En la misiva, las organizaciones denuncian que, aunque la dictadura de Daniel Ortega y Rosario Murillo separó a Nicaragua de la OEA en 2021, el Estado nicaragüense no está exento de sus compromisos internacionales en materia de derechos humanos, ni de la vigilancia internacional sobre sus acciones represivas.
Las organizaciones recordaron que en enero de 2025, la Secretaría General del organismo denunció las reformas constitucionales impuestas por el régimen como una “institucionalización de una dictadura matrimonial”.
También alertan que la represión del régimen ha traspasado fronteras, mencionando el reciente asesinato del mayor en retiro y opositor nicaragüense Roberto Samcam, ocurrido el 19 de junio en San José, Costa Rica.
Su caso se suma al de Rodolfo Rojas, Jaime Chavarría y Erick Castillo, también asesinados en el exilio, lo que según los firmantes demuestra la existencia de una estrategia transnacional de persecución.
Solicitudes a la Asamblea General
La carta, respaldada por seis organizaciones de Nicaragua, exige a la Asamblea General de la OEA que:
- Reincorpore formalmente el tema de Nicaragua en la agenda de deliberación y resolución del organismo.
- Reitere y fortalezca el mandato del Grupo Voluntario de Seguimiento, incrementando su capacidad para monitorear la situación de derechos humanos en el país.

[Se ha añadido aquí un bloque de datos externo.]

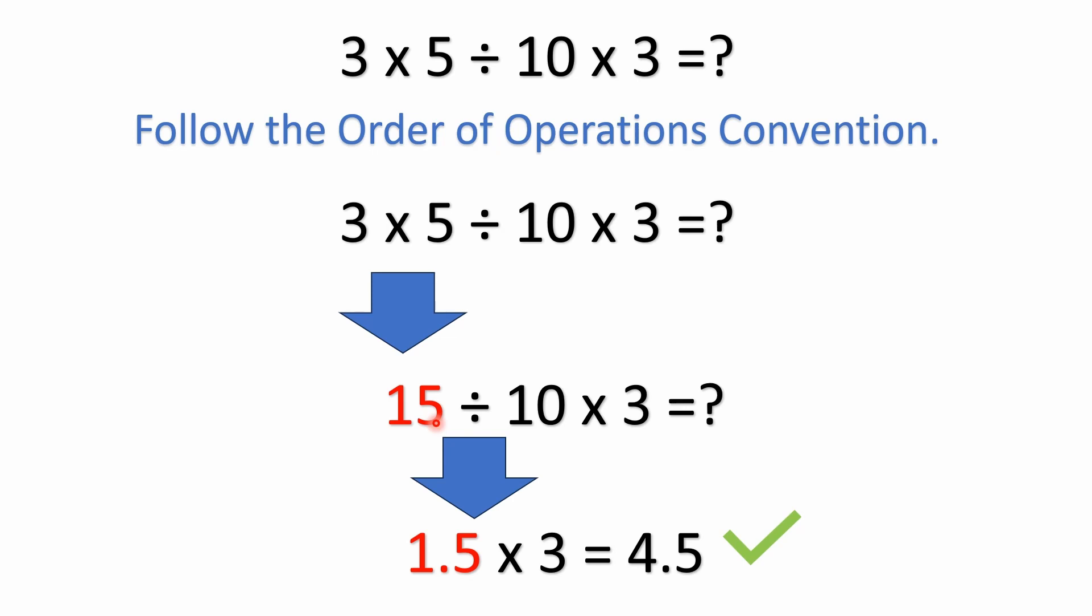So here in this case, we have multiplication first, right? So 3 times 5 is 15, and then here we've got 10. Then we do the division. So 15 divided by 10 is 1.5. Then we're just left with the final multiplication. 1.5 times 3 equals 4.5. So the answer is 4.5.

- Adopte y promueva las recomendaciones del Grupo de Expertos en Derechos Humanos sobre Nicaragua (GHREN), entre ellas:
- La activación de mecanismos de justicia internacional, amparados en el principio de jurisdicción universal.
- La protección efectiva de personas apátridas, expulsadas o impedidas de regresar a su país.
- La aplicación de condicionalidades a los créditos otorgados por organismos financieros internacionales al régimen nicaragüense, supeditando su desembolso al cumplimiento de estándares internacionales de derechos humanos.